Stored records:
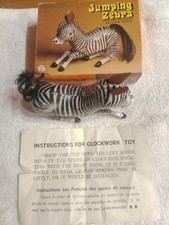 Vtg. Wind up Tin Jumping Zebra Works Great in the box Never used. With Key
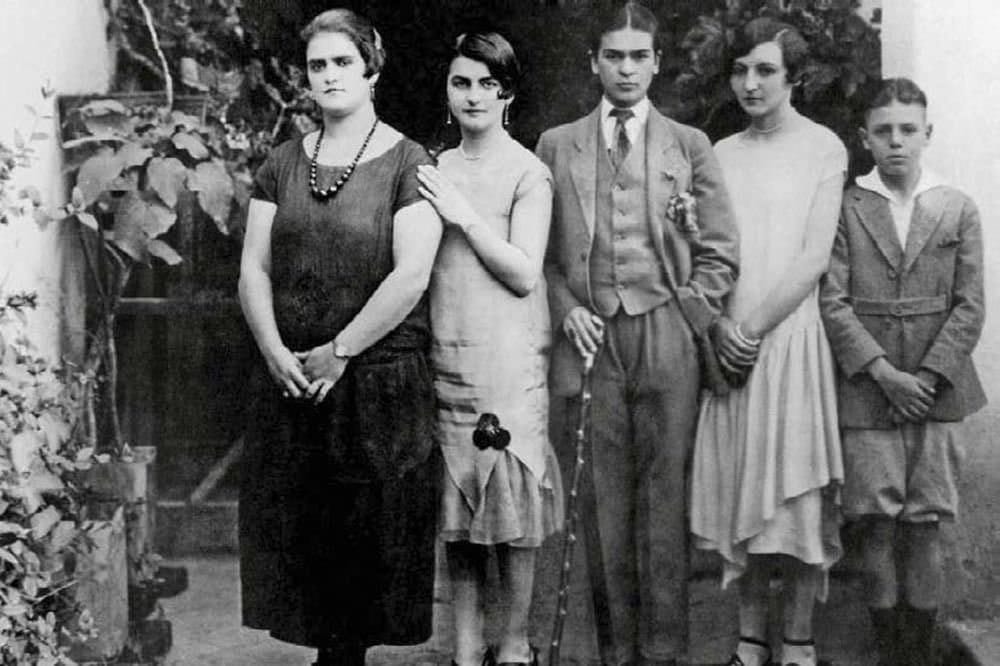 На чёрно-белом снимке в ряд стоят пятеро, в центре человек в костюме с галстуком и тростью, рядом три женщины и мальчик.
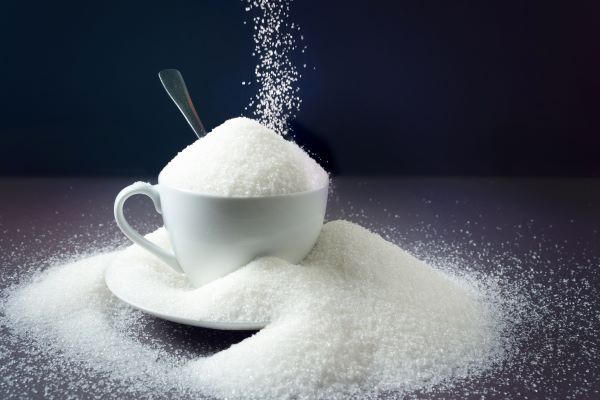 Fehér csésze megpúpozva kristálycukorral, közben valaki szórja még rá a cukrot.
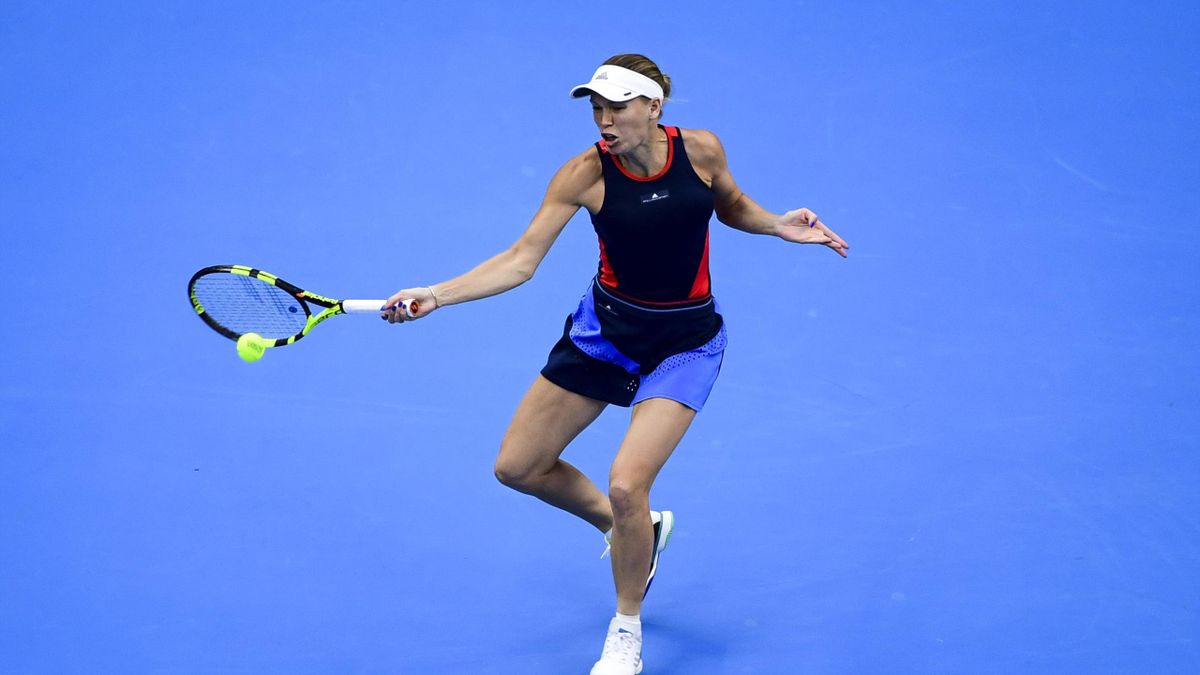 Caroline Wozniacki of Denmark hits a return against Anastasija Sevastova of Latvia during her Women's Singles Finals match in the 2018 China Open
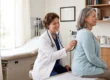 A bright, eye-level composition illuminated by soft natural sunlight streaming from a window on the left, casting a warm, airy, and inviting tone over a smiling female doctor examining a seated patient's back with a stethoscope. The image features a shallow depth of field that gently blurs the background exam table and wooden cabinets, emphasizing vibrant, true-to-life colors and a photorealistic aesthetic. The only text present is a tiny, indistinct embroidered logo or name on the doctor's white coat pocket.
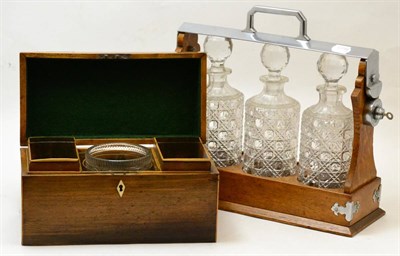 Lot 185 - A 19th century mahogany tea caddy fitted with two compartments and a glass bowl together with...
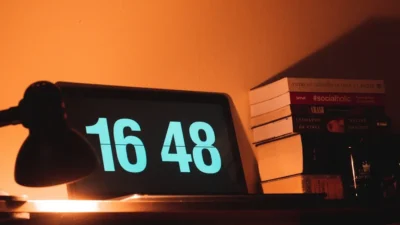 black digital clock reading at 16 48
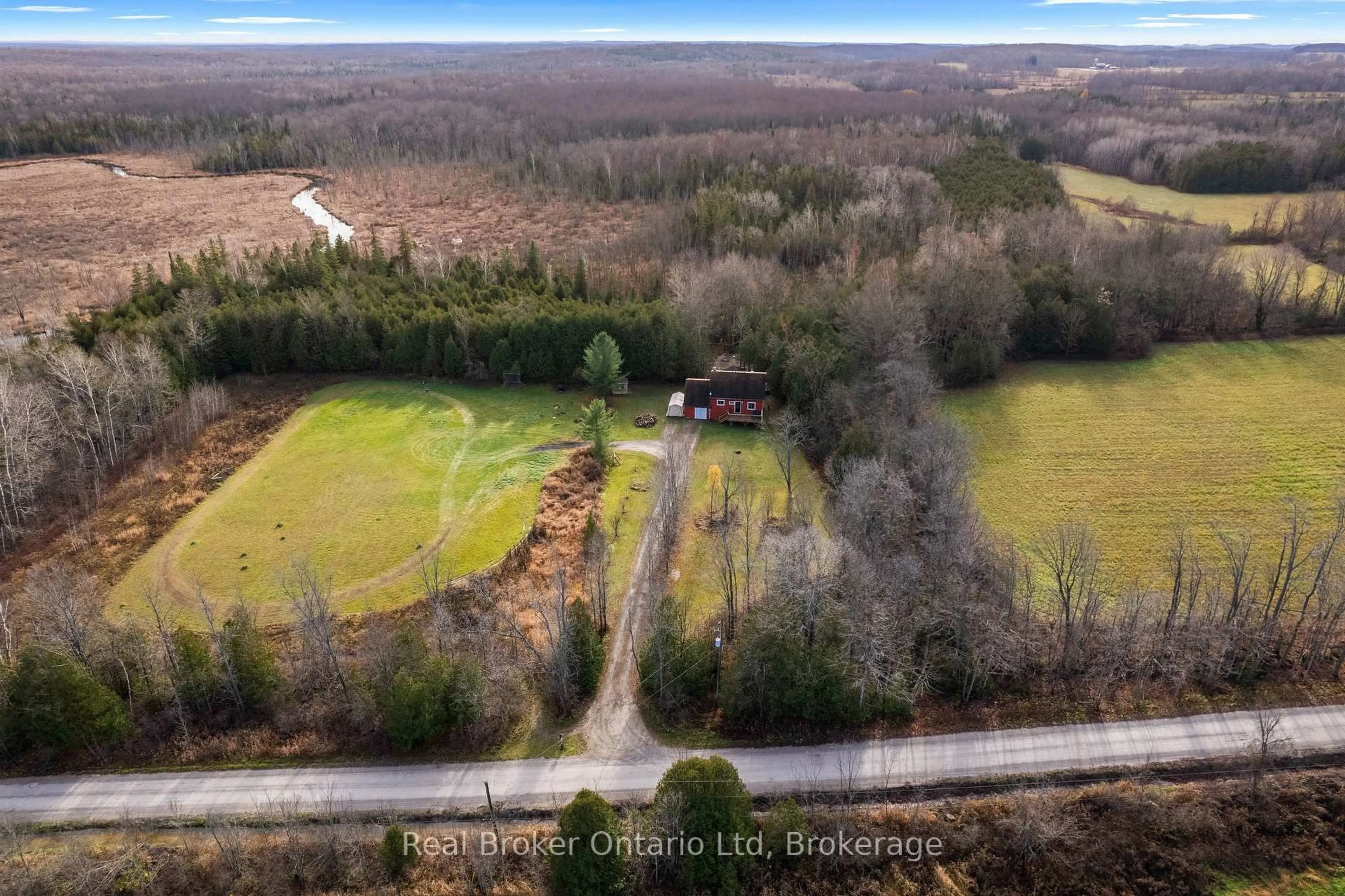 A pic from outside/outdoor area/front of a property/back of a property/a pic from drone, forest/trees view for 362120 Concession 16, Georgian Bluffs Ontario N0H 1P0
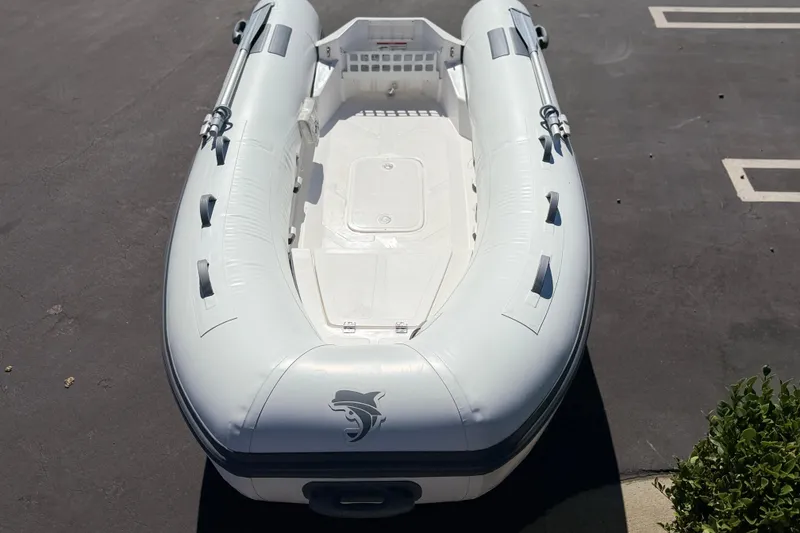 Slide: The Image of Inflatable boat Caribe MVP11 2025 model on pavement, featuring sleek design and durable materials. - 8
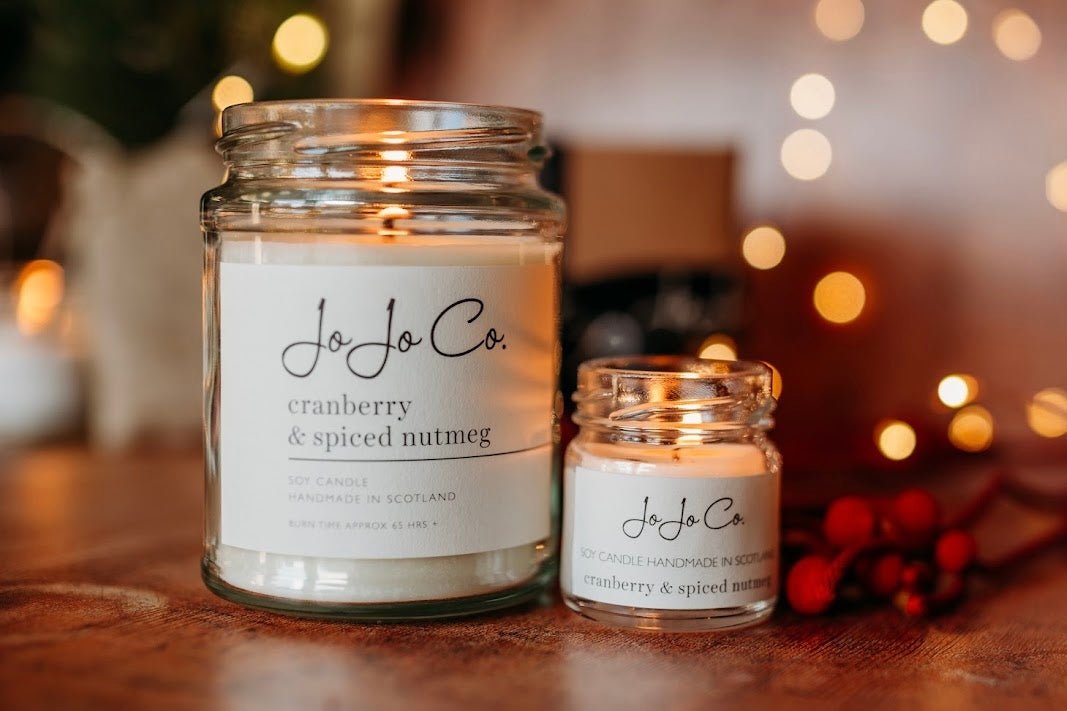 Winter Grace and Cranberry & Spiced Nutmeg handmade soy candles by JoJo Co., featuring cosy winter and festive home fragrances made in Scotland.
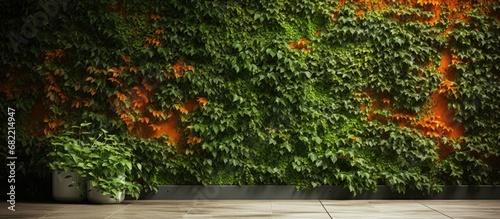 In an abstract design, the textured wallpaper showcased an intricate blend of ivy leaves and grass, transforming the wall into a natural oasis of green and orange, reminiscent of a lush garden in a
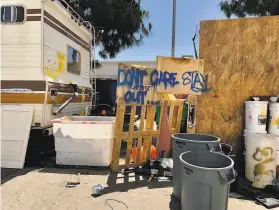  ?? Yalonda M. James / The Chronicle ?? A homeless RV camp on a street near a Home Depot at 4000 Alameda Ave. in Oakland is blamed for a rise in crime and safety concerns around the store.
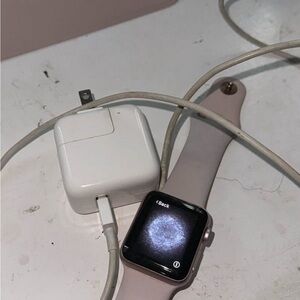 Apple Smartwatch with Pink Band and Silver Case series 3 (GPS) with charger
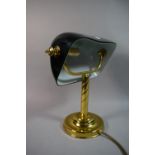 A Reproduction Brass and Opaque Green Glass Desk Top Lamp, 31cm High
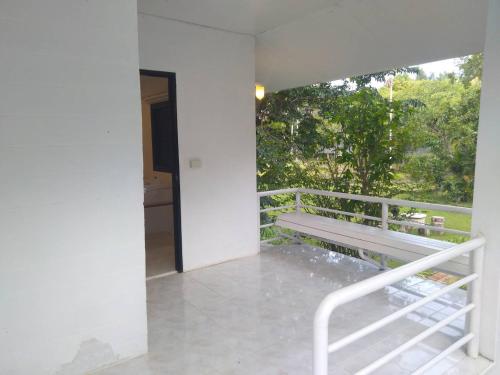 a white house with a bench on a balcony at LayTrang Pakmeng Marina Spa and Resort in Trang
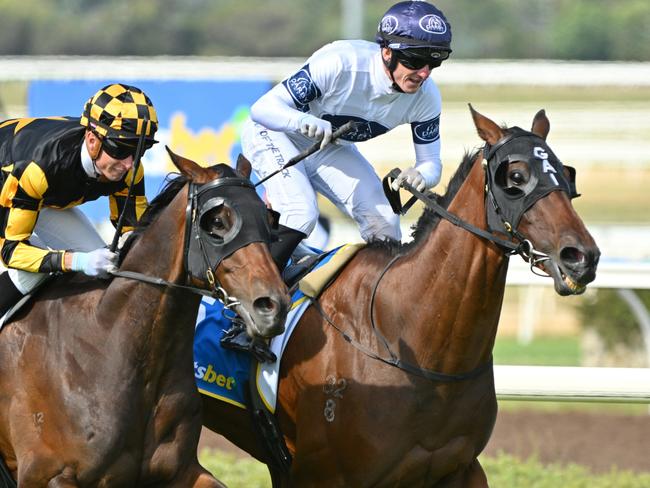 PAKENHAM, AUSTRALIA - DECEMBER 21: Beau Mertens riding Goldman defeats Zac Spain riding Grand Pierro in Race 9, the Sportsbet Pakenham Cup during Melbourne Racing at Pakenham Racing Club on December 21, 2024 in Pakenham, Australia. (Photo by Vince Caligiuri/Getty Images)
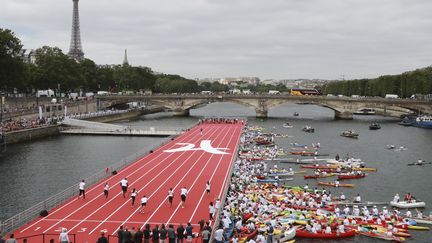 Paris a installé sur la Seine, le 23 juin 2017, une piste d'athlétisme pour&nbsp;célébrer la journée qui marque la création du Comité international olympique par Pierre de Coubertin le 23 juin 1894. (JACQUES DEMARTHON / AFP)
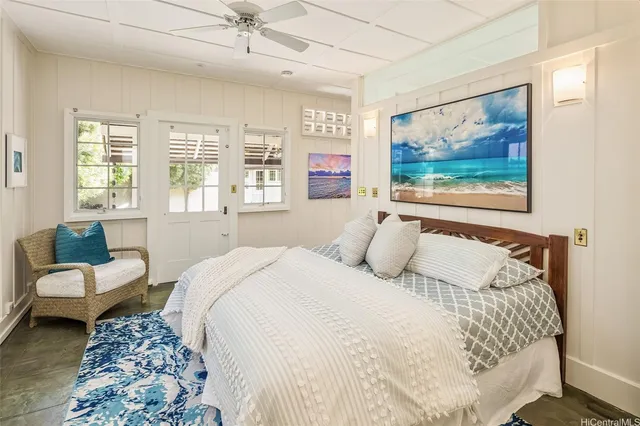 a bedroom with a bed and glass walk in closet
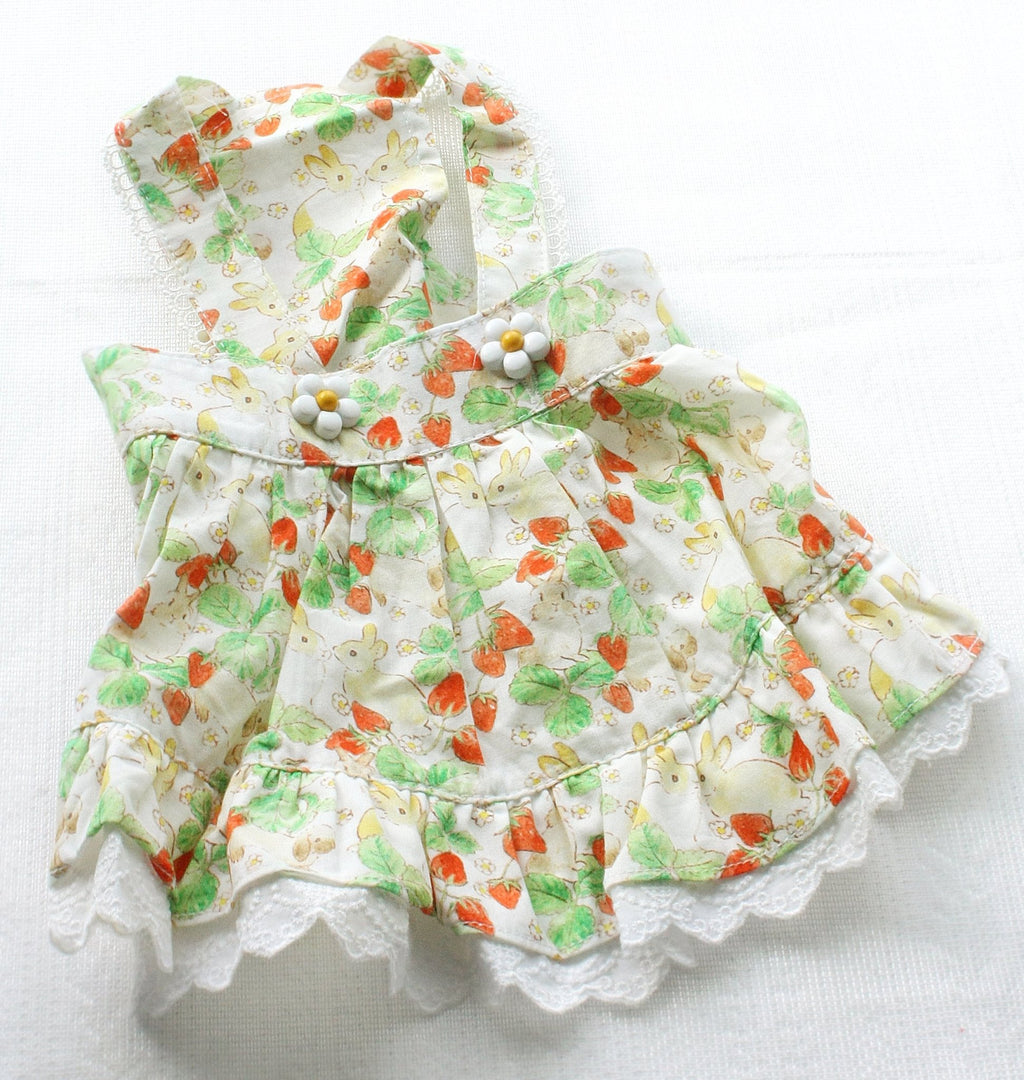 White floral rabbit-print pet dress with bow strap and layered ruffle hem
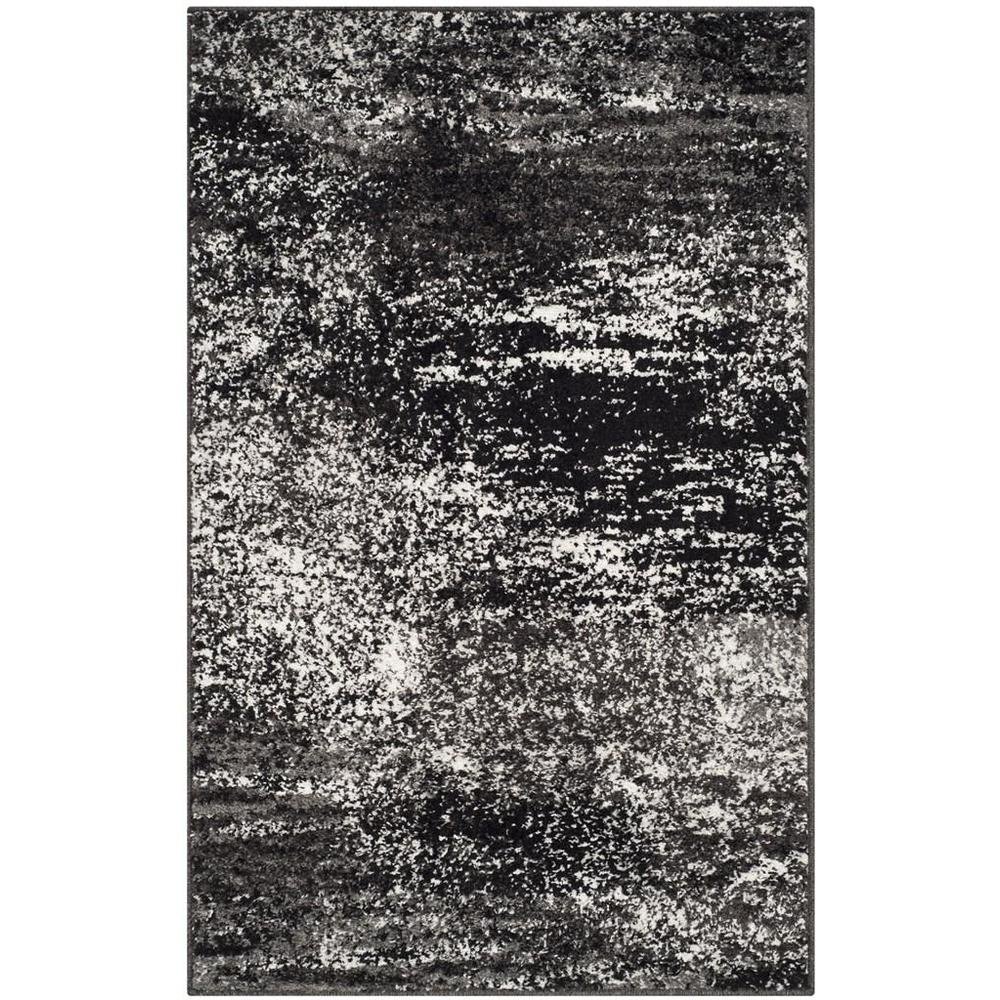 Gray and Black Area Rug with Power Loomed Polypropylene Pile for Accent Spaces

> AIM OF THE EXERCISE:
Please return only the lines from the top of the data through the line with "Fehér csésze megpúpozva", exactly as written, and drop every picture.

> ANSWER TO THIS EXERCISE:
 Vtg. Wind up Tin Jumping Zebra Works Great in the box Never used. With Key
 На чёрно-белом снимке в ряд стоят пятеро, в центре человек в костюме с галстуком и тростью, рядом три женщины и мальчик.
 Fehér csésze megpúpozva kristálycukorral, közben valaki szórja még rá a cukrot.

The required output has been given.